Noch alarmierender sind die Entwicklungen in Nigeria. Dort warnen Gesundheitsbehörden vor sogenannten „Algorithmus-Apotheken" in sozialen Medien. Eine Studie vom Mai 2026 ergab, dass 68 Prozent der Patienten bereit wären, traditionelle Heiler online zu konsultieren. Ärzte berichten, dass fünf bis sieben Prozent ihrer nephrologischen Patienten eine Vorgeschichte mit pflanzlichen Arzneimitteln haben – häufig mit schweren Nieren- und Leberschäden, die erst im fortgeschrittenen Stadium erkannt werden.
Verunreinigtes Fentanyl: Neun Tote in Argentinien
Ein besonders schwerwiegender Fall von Arzneimittelkontamination erschüttert Argentinien. Die Gesundheitsbehörden meldeten neun Todesfälle und 18 Erkrankungen im Zusammenhang mit einer Charge Fentanyl, die im Dezember 2024 produziert wurde. Laboranalysen identifizierten hochresistente Bakterien wie Klebsiella pneumoniae und Ralstonia pickettii in dem Produkt. Die Produktion in den betroffenen Pharmaunternehmen wurde gestoppt, die Staatsanwaltschaft ermittelt.
„Fake-Doktor"-Betrug: Kriminelle nutzen KI-Stimmen
Auch in Deutschland treiben Kriminelle ihr Unwesen. Die Polizei warnt vor einer neuen Betrugsmasche mit sogenannten „Fake-Ärzten". Die Täter nutzen KI-generierte Stimmen, um sich als Klinikpersonal auszugeben und fordern sofortige Zahlungen für angebliche Notfallbehandlungen von Angehörigen. Erste Fälle wurden in Sachsen-Anhalt bekannt, ähnliche Betrugsmuster in Bayern haben bereits zu Schäden in Höhe von mehreren Hunderttausend Euro geführt.

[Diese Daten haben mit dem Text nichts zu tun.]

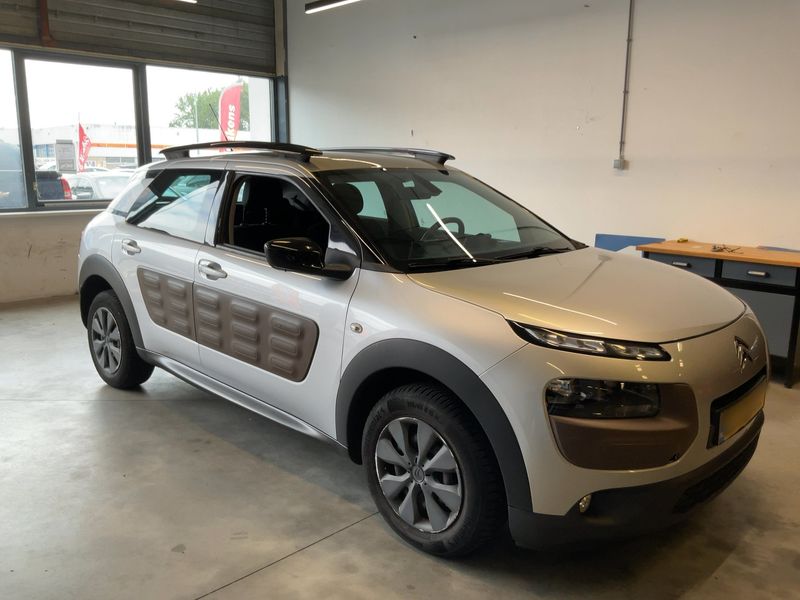 Citroen C4 Cactus 1.6 Blue-HDi Business Class 2015 – снимка 8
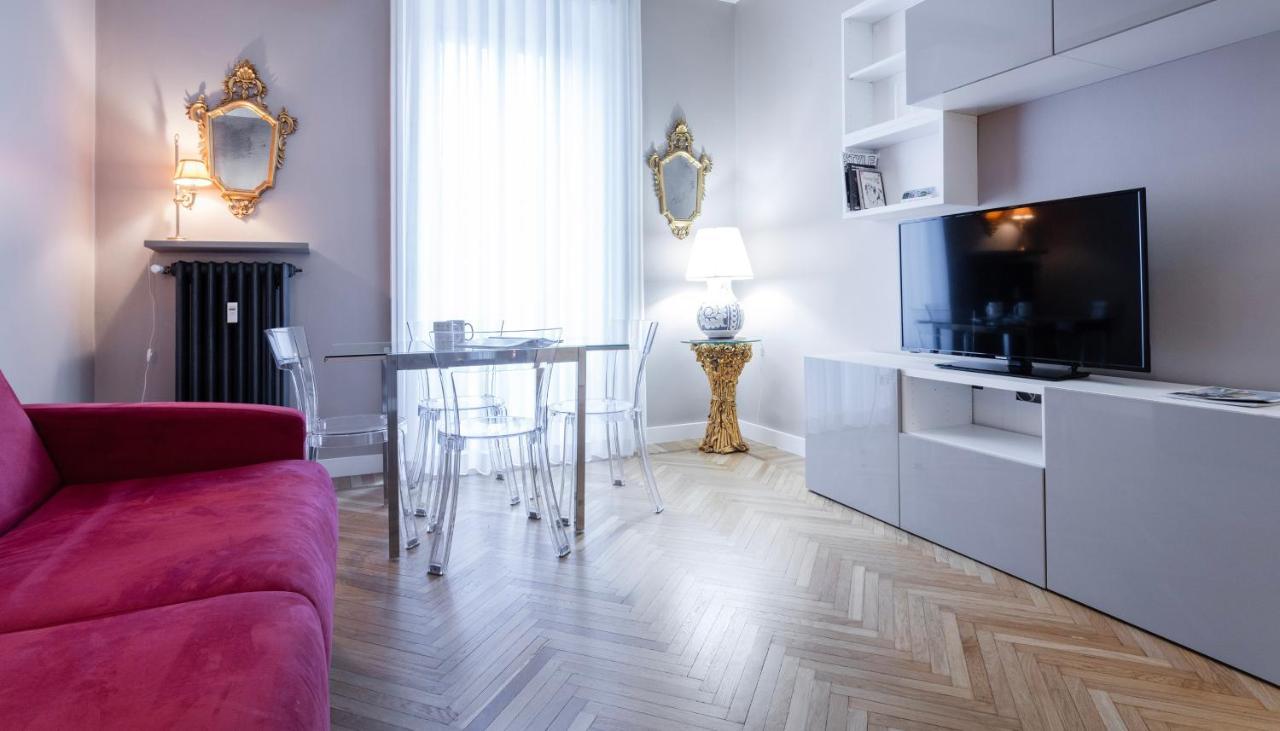 Italianway - Petrella 6 Lejlighed Milano Eksteriør billede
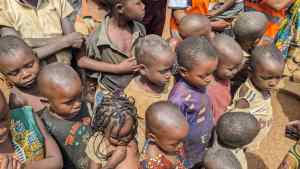 Sud-Kivu : Les orphelins victimes silencieuses de la crise humanitaire et des conflits armés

Arzneimittelentsorgung: Was Patienten wissen sollten
Um Vergiftungen und Umweltschäden zu vermeiden, empfehlen Krankenkassen wie die AOK eine sorgfältige Handhabung von Medikamenten. Allein in Schleswig-Holstein erreichten die Verordnungen für 1,8 Millionen Versicherte im Jahr 2024 einen Wert von 2,6 Milliarden Euro. Abgelaufene Medikamente können ihre Wirksamkeit verlieren oder sogar gefährlich werden. Die Behörden raten, sie über den Restmüll zu entsorgen – und nicht über die Toilette oder das Waschbecken, da dies langfristige Umweltschäden verursacht.